- _Action item_
In the records below, repeat word for word only the lines starting at the one that contains "Used 2016 Cadillac Escalade Luxury image 12" and ending at the one that contains "Holzmuster am Fenster", pictures excluded.

- _Exercise data_
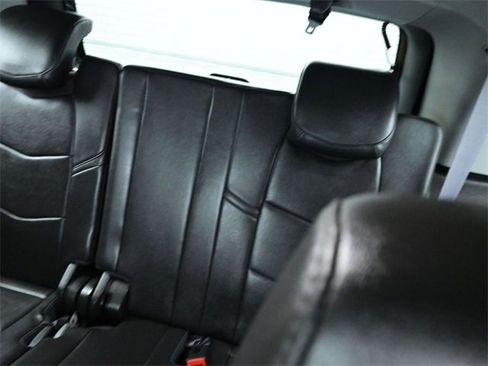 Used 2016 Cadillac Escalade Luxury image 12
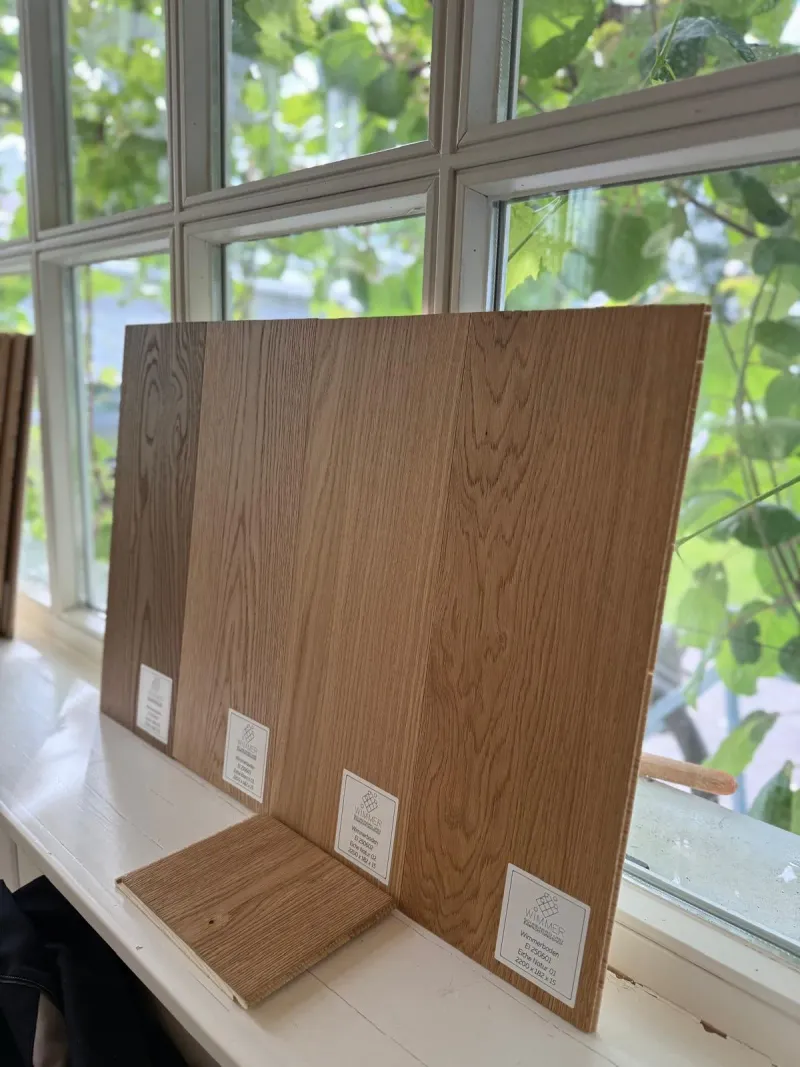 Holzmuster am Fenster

--

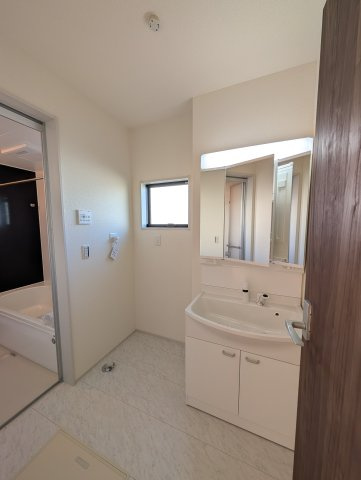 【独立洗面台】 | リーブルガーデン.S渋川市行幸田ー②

- _Response box_
 Used 2016 Cadillac Escalade Luxury image 12
 Holzmuster am Fenster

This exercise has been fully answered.